Validation
==========

Input data can optionally be validated using the excellent `Pydantic <https://docs.pydantic.dev/latest/>`_ package.

The :class:`~etl_lib.core.ValidationBatchProcessor.ValidationBatchProcessor` class wraps a Pydantic model class so that it can be used inside a ``BatchProcessor`` chain.

Each row in the incoming batch is validated against the defined model. Rows that fail validation are written to a JSON file. Each row in that file retains the original input data along with all errors generated by Pydantic for that row.

The outgoing batch only contains the rows that successfully pass Pydantic validation.

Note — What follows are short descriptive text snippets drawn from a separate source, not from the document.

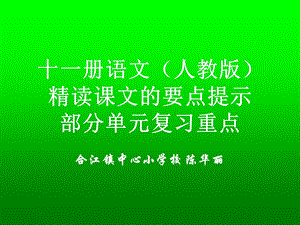 十一册语文(人教版)精读课文的要点提.ppt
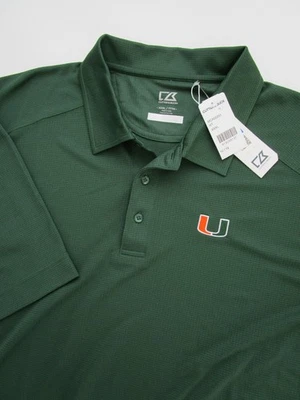 Mens 3XL Miami Hurricanes Cutter & Buck SS polo shirt green NWT - Image 1 of 4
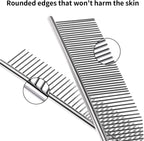 Stainless steel dog comb being used for detangling pet fur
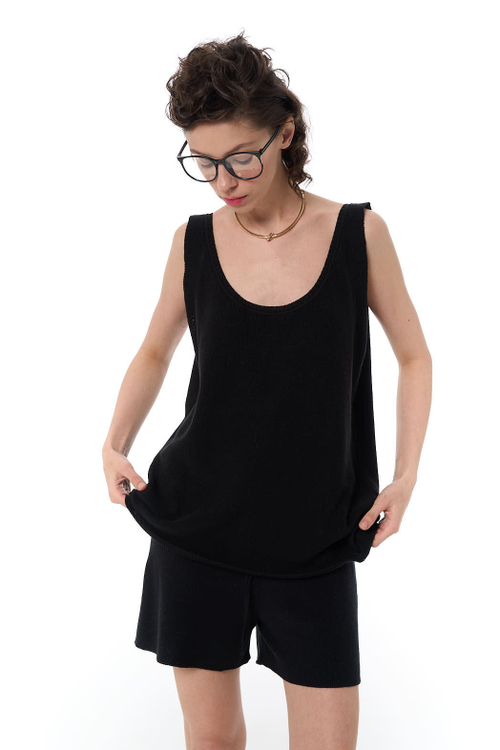 Платье-майка вязаное, хлопок, голубой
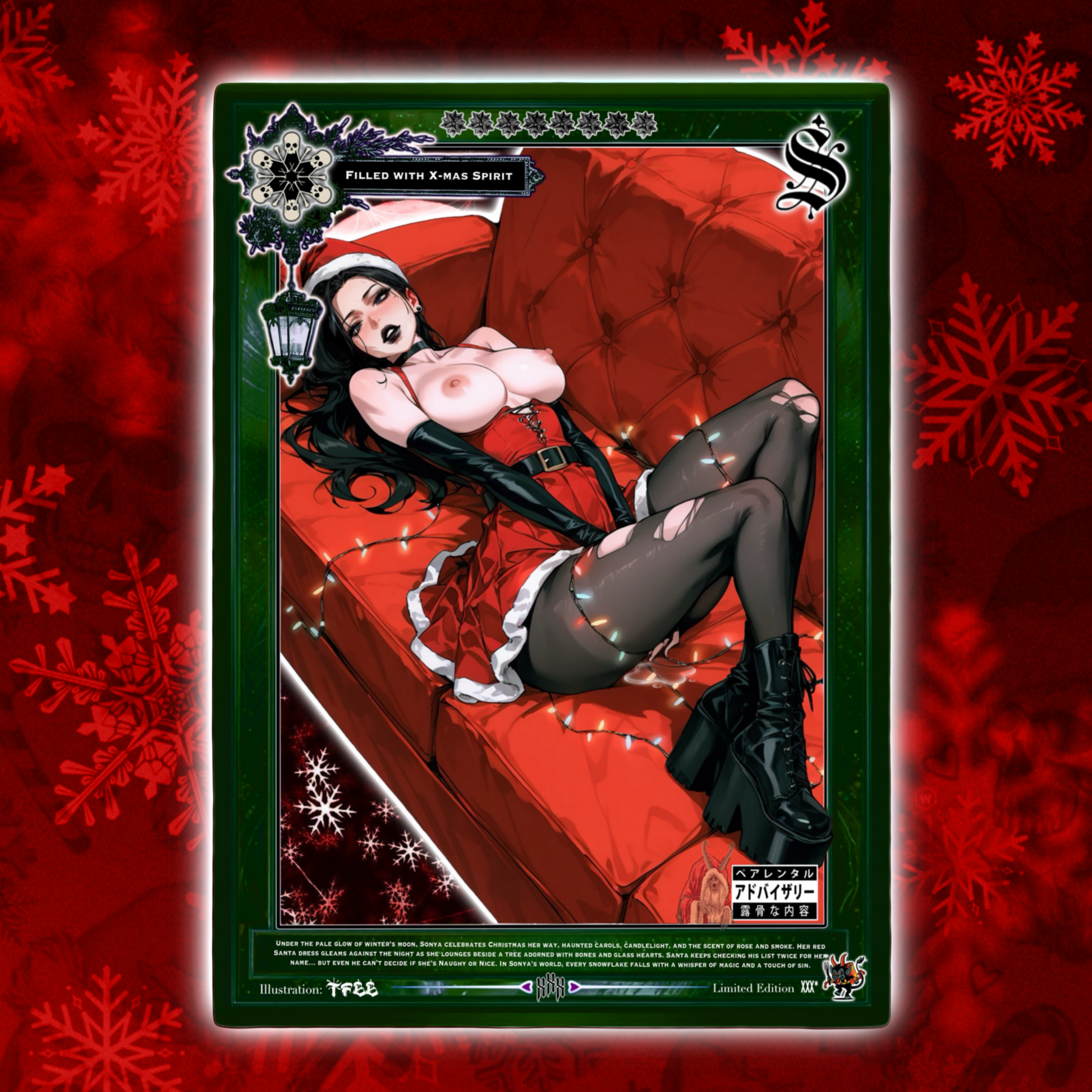 A Goth Girl Christmas X Dark Fantasy Waifu Holo Collectable Card set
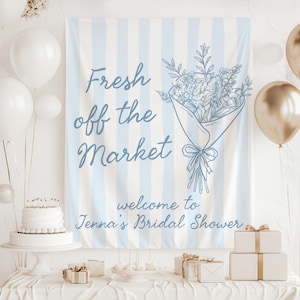 Market themed bridal shower banner fresh off the market sign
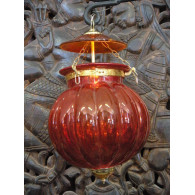 KHARBUJA Lampe Glas 22x22 cm rot Soufle
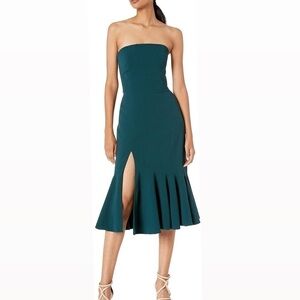 Dress the Population Madison Strapless Fluted Midi Dress w/Slit Size Small NWOT
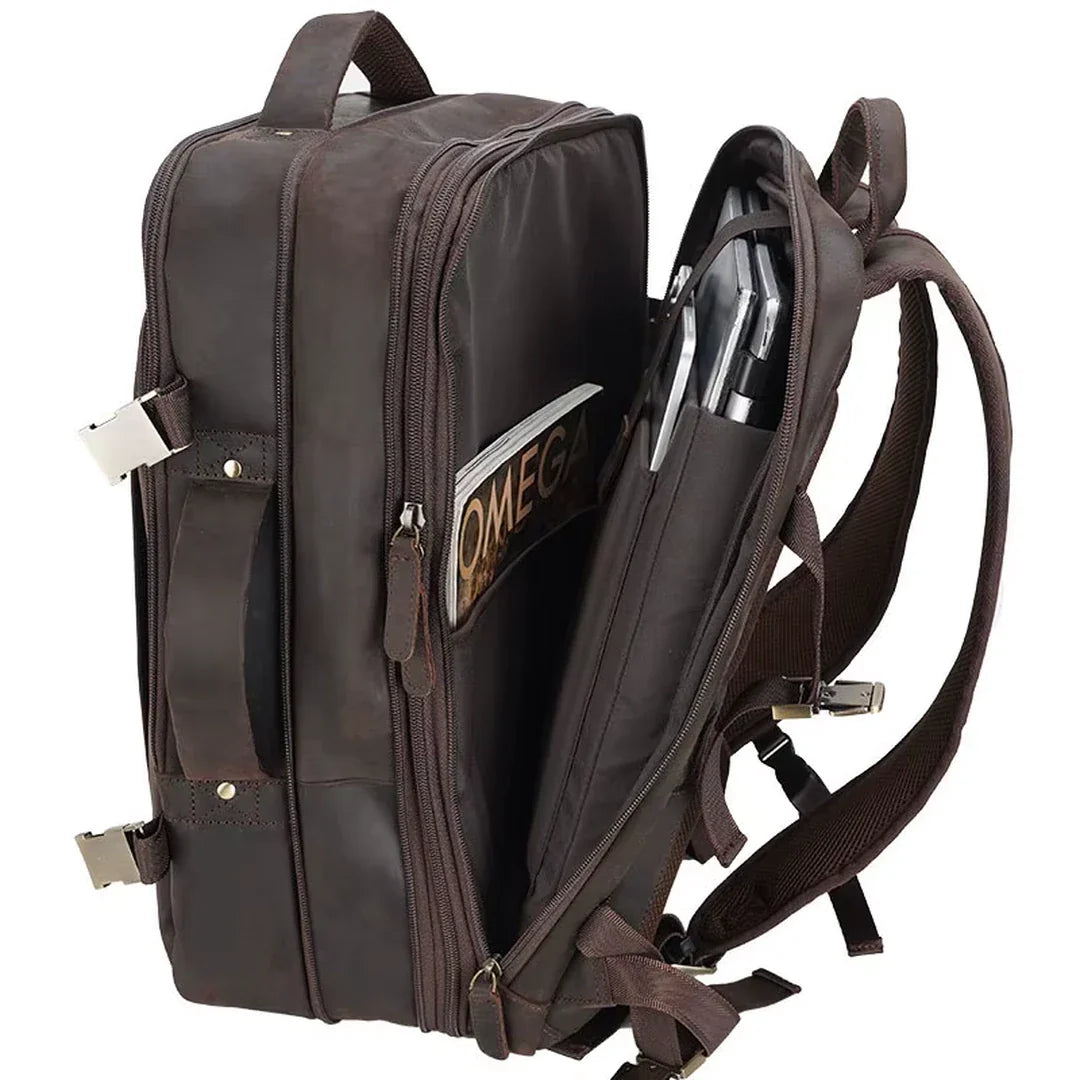 Compartimento para notebook da mochila masculina de couro Crazy Horse castanho escuro BAGAGEM VIP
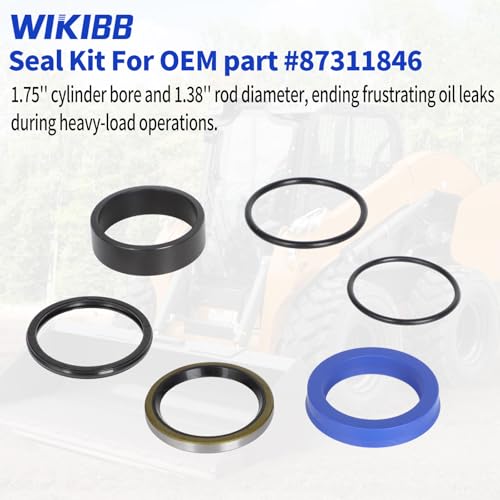 Seal Kit 87311846 for Case IH & New Holland Loaders Hydraulic Cylinder Repair 1.75'' Bore & 1.38'' Rod | 6-pc Nitrile Seal Replacement Set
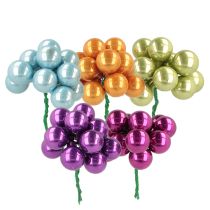 Product Mini Glass Christmas Baubles on Wire, Assorted Colours, 25mm, Pack of 140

An example class from the GTFS example demonstrates the implementation of loading data from a CSV file into Neo4j:

.. code-block:: python

    class LoadAgenciesTask(CSVLoad2Neo4jTask):

        class Agency(BaseModel):
            id: str = Field(alias="agency_id", default="generic")
            name: str = Field(alias="agency_name")
            url: str = Field(alias="agency_url")
            timezone: str = Field(alias="agency_timezone")
            lang: str = Field(alias="agency_lang")

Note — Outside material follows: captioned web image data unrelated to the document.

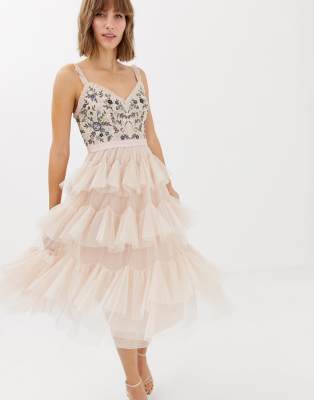 tiered tulle midi dress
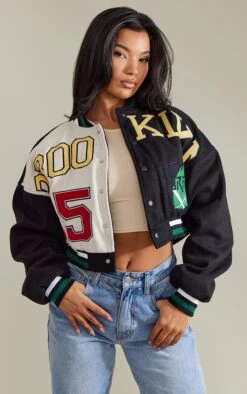 Prettylittlething Black Wool Look Graphic Front Cropped Bomber Jacket Black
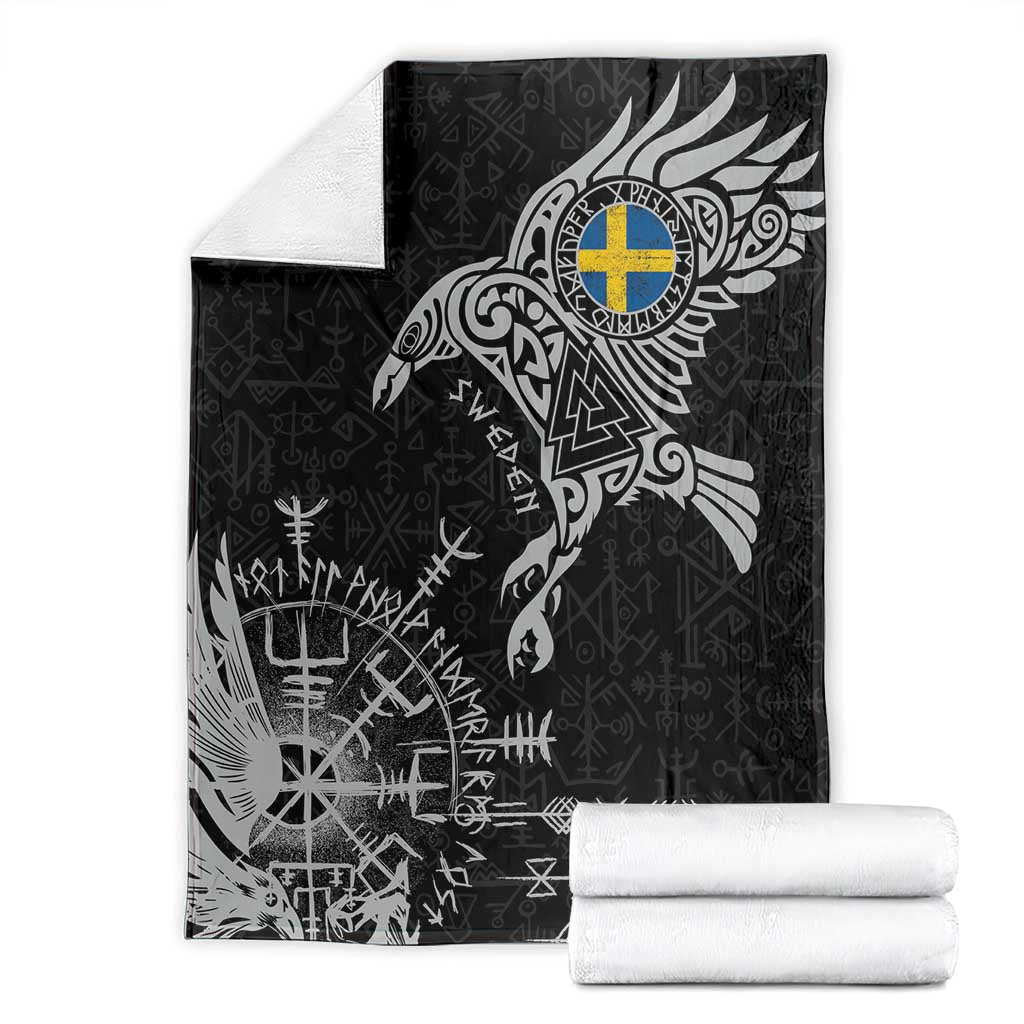 Sweden Viking Ravens Blanket Vegvisir Runes Pattern - Wonder Print Shop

        def __init__(self, context: ETLContext, file: Path):
            super().__init__(context, LoadAgenciesTask.Agency, file)

        def _query(self):
            return """ UNWIND $batch AS row
            MERGE (a:Agency {id: row.id})
                SET a.name = row.name,
                    a.url = row.url,
                    a.timezone = row.timezone,
                    a.lang = row.lang
            """

The ``class Agency(BaseModel)`` defines a simple Pydantic model for validation purposes.